Jacques Merle, Bruno Voituriez, Yves Dandonneau, Club des Argonautes - Mars 2013
Introduction
La Terre est notre irremplaçable habitat : on y vit et l’on en vit grâce au climat tempéré dont elle bénéficie. Elle n’est peut-être pas unique dans l’univers, mais elle est certainement rare.
La comparaison avec les planètes telluriques voisines mais climatiquement si différentes est éloquente : à la surface de Venus la température moyenne est de 480°C, sur celle de Mars elle est de -63°C.
Entre les deux, l’éden terrestre avec une température moyenne de 15°C où la vie et l’homme peuvent s’épanouir jusqu’à ce que, peut-être, quelque météorite ou un activisme volcanique forcené ne provoque une de ces extinctions qui ponctuent l’évolution du monde vivant et lui ouvre de nouveaux horizons évolutifs. A moins que l’homme lui-même, sans attendre une telle échéance, ne se mette lui-même en grande difficulté en provoquant un changement climatique auquel il aurait du mal à s’adapter. Là est maintenant la question.

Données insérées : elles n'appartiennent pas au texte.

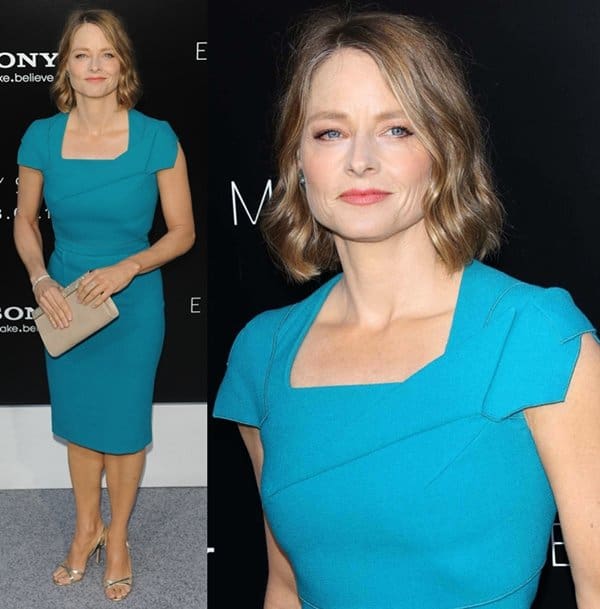 Jodie Foster showed off her lean figure in a form-fitting Roland Mouret 'Breccia' dress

Jusqu’à il n’y a guère, le climat n’était pas un problème pour l’homme, c’était une donnée que l’on pouvait caractériser en un lieu par le cycle répétitif rassurant des saisons, signature des mouvements de la Terre autour du soleil.
La «climatologie» était une tentative de mise en ordre de l’«indiscipline» atmosphérique dont on fait l’expérience chaque jour avec les caprices météorologiques.
Ordonnancement spatial : par bande de latitude (d’où le mot climat, venu du mot inclinaison en grec, celle des rayons du soleil qui varie en fonction de la latitude) qui permit par exemple de définir de grandes entités climatiques : climat équatorial, tropical, tempéré, polaire….
Ordonnancement temporel ensuite grâce aux «moyennes» qui fixent des normes rassurantes permettant de définir de manière statistique des climats en dépit du chaos météorologique, ce qui implicitement, comme toute norme, suppose la stabilité.
Un climat est ainsi la moyenne du temps qu’il fait en une région déterminée pendant une période donnée assez longue, généralement 30 ans.
On peut ainsi définir le climat global de la Terre par la température moyenne à sa surface (environ 15°C).
Jusqu’au milieu du XXème siècle, cette science du climat était en fait une géographie de l’atmosphère qui décrivait comment elle est organisée dans l’espace et saisonnièrement dans le temps, sans se soucier de sa variabilité, de sa dynamique. On disposait alors d’atlas précis des entités climatiques à la surface de la terre avec leurs caractéristiques : températures, humidité, précipitations, nébulosité etc.….. Ainsi chacun savait où il habitait et la cause était entendue : l’ordre régnait dans la maison climatique même si les caprices météorologiques à court terme y mettaient de l’animation.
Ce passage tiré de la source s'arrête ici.